== DATA TO EXAMINE

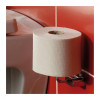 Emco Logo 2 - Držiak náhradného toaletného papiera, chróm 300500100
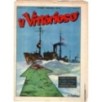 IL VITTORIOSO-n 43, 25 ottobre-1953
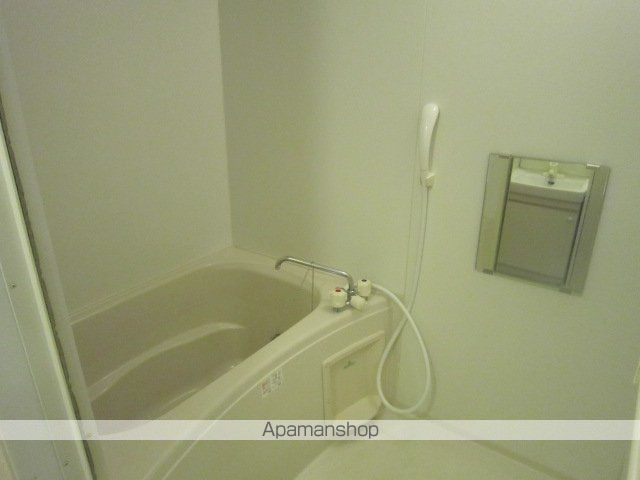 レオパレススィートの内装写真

====
== DATA TO EXAMINE

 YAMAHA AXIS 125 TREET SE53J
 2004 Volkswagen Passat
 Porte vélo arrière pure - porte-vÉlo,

====
== DATA TO EXAMINE

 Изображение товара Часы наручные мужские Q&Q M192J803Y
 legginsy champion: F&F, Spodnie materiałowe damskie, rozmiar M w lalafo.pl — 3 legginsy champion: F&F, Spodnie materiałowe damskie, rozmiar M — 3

====

## AIM OF THE EXERCISE
The lines above from the one with "YAMAHA AXIS 125 TREET SE53J" through the one with "Porte vélo arrière" are to be duplicated exactly, ends included, with nothing added.

## SOLUTION TO THE PROBLEM
 YAMAHA AXIS 125 TREET SE53J
 2004 Volkswagen Passat
 Porte vélo arrière pure - porte-vÉlo,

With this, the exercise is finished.